=== About this task ===
Transcribe the records from the line containing "Modern black sectional" onward, up to and including the final line, exactly and without anything else.

=== Records provided ===
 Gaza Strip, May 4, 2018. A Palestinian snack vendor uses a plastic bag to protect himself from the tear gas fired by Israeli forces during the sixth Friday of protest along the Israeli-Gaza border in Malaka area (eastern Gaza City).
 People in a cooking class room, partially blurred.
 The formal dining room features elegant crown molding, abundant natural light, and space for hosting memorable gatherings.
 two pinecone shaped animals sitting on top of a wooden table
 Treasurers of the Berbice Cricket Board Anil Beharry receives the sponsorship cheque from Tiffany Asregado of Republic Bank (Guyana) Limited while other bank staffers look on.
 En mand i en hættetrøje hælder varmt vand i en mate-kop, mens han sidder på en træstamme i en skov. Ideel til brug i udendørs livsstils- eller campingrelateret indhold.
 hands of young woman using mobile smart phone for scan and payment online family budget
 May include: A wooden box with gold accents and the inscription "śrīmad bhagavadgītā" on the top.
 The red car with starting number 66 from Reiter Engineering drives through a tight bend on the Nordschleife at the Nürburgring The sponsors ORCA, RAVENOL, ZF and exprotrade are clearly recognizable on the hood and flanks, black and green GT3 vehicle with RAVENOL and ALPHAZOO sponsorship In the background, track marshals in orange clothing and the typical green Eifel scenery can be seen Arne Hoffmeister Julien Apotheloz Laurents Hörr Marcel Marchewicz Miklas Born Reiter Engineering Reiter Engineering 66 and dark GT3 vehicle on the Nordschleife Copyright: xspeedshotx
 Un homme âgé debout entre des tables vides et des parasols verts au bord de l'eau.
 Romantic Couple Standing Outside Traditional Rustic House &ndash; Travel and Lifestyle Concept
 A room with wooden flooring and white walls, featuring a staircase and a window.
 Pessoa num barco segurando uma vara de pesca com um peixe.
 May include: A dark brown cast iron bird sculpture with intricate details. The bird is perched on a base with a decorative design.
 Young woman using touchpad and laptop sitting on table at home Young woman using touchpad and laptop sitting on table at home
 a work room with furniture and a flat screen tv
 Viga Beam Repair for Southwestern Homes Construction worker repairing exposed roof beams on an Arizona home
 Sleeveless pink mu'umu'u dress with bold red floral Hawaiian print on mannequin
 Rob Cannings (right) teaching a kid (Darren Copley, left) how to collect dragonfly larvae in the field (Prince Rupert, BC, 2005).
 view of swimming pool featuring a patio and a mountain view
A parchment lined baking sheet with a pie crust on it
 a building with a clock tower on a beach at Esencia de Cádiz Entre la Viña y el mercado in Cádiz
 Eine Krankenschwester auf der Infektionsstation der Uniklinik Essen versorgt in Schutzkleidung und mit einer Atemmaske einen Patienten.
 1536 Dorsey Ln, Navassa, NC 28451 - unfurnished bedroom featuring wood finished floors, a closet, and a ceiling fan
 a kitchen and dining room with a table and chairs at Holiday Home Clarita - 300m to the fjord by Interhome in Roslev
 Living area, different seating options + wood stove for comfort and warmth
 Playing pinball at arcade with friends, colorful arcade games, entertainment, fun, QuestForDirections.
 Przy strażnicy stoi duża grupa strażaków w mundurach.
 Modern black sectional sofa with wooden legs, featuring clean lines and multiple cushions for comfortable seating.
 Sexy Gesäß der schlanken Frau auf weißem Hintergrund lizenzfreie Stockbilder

=== Result of the task ===
 Modern black sectional sofa with wooden legs, featuring clean lines and multiple cushions for comfortable seating.
 Sexy Gesäß der schlanken Frau auf weißem Hintergrund lizenzfreie Stockbilder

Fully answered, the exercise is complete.